>>>

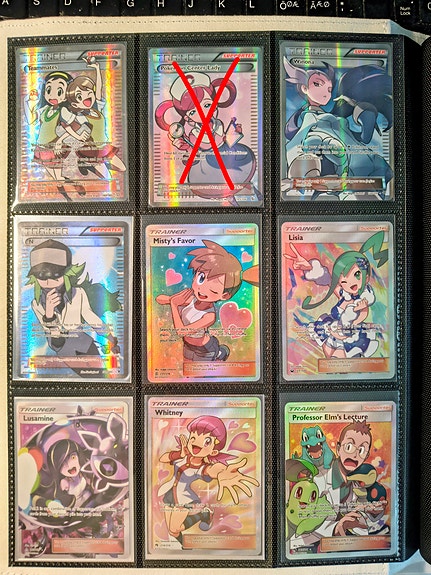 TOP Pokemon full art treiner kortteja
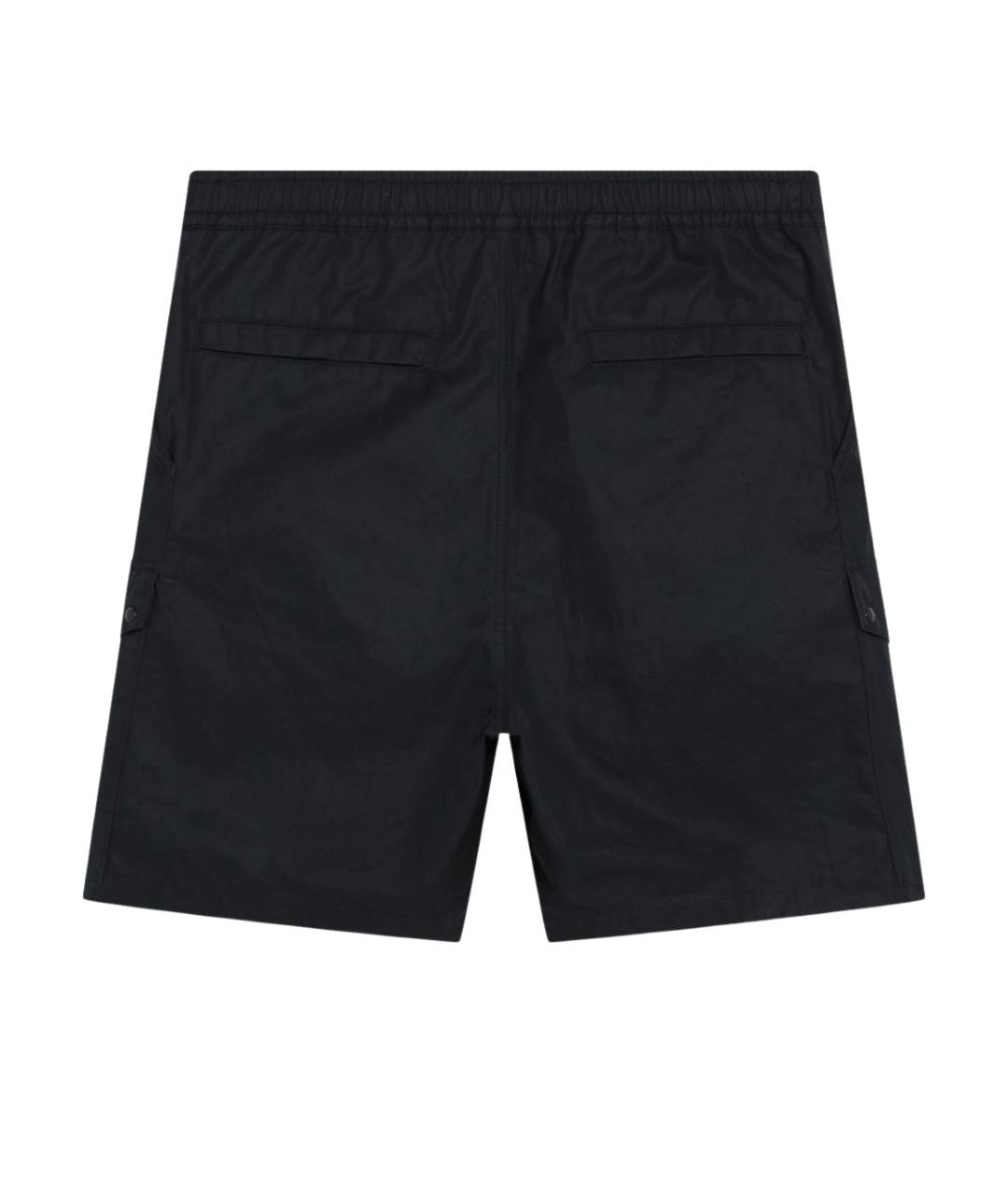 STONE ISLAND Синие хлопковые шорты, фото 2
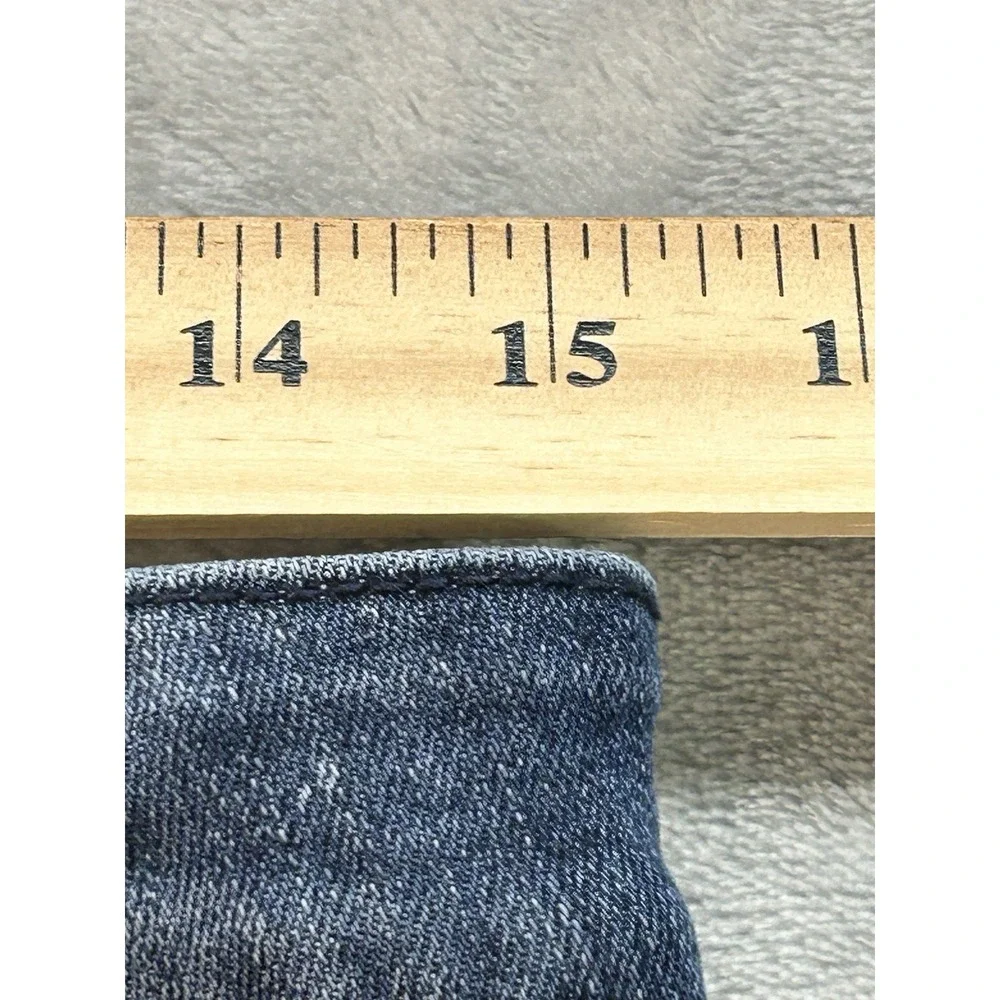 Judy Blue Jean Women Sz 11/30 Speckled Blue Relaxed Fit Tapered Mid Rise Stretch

<<<
>>>

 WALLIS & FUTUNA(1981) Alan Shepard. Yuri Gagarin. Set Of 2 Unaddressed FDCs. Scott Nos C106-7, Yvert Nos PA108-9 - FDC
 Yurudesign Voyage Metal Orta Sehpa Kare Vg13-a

<<<
>>>

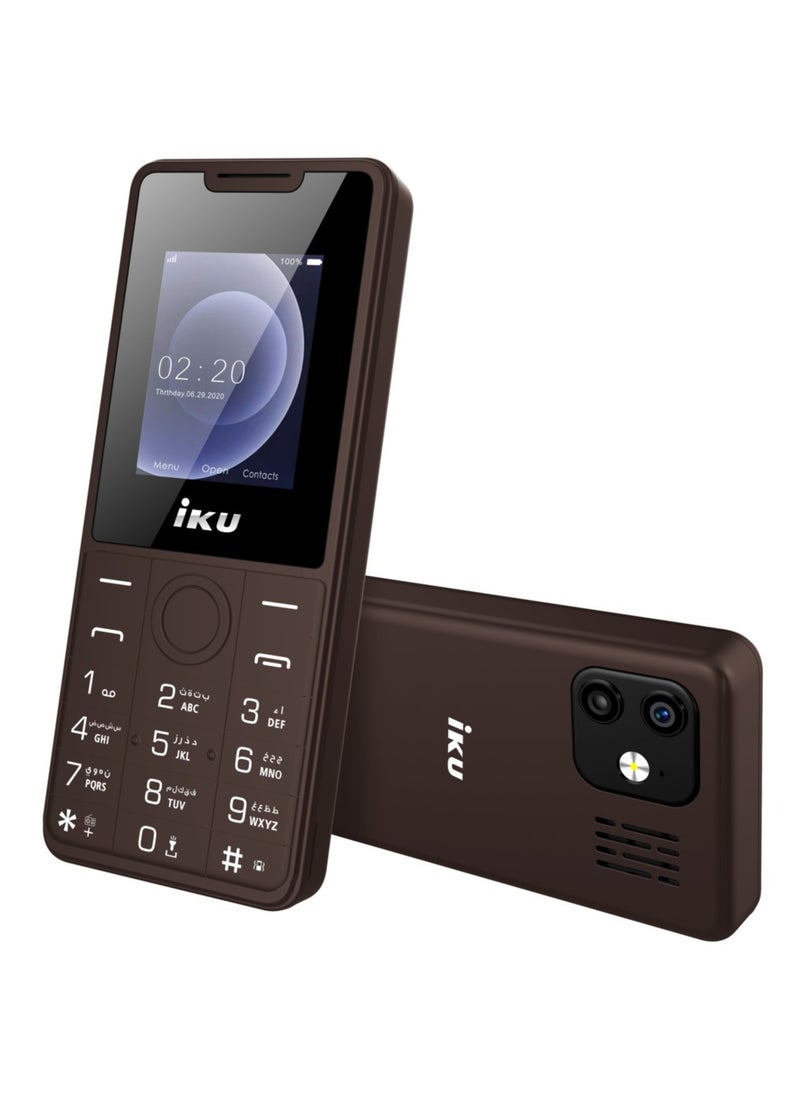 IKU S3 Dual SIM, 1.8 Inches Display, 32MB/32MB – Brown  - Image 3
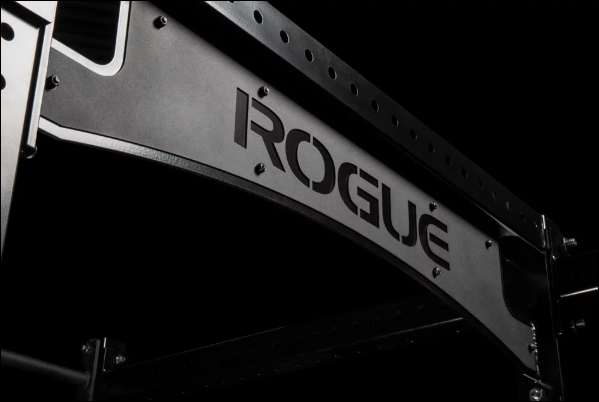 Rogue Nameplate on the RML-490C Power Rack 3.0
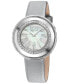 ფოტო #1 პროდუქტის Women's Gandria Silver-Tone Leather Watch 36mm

<<<

TASK DETAILS: From the listing above, restate verbatim the lines running from the one with "STONE ISLAND Синие хлопковые шорты, фото 2" through the one with "Judy Blue Jean", inclusive, but not the pictures.

ANSWER BOX:
 STONE ISLAND Синие хлопковые шорты, фото 2
 Judy Blue Jean Women Sz 11/30 Speckled Blue Relaxed Fit Tapered Mid Rise Stretch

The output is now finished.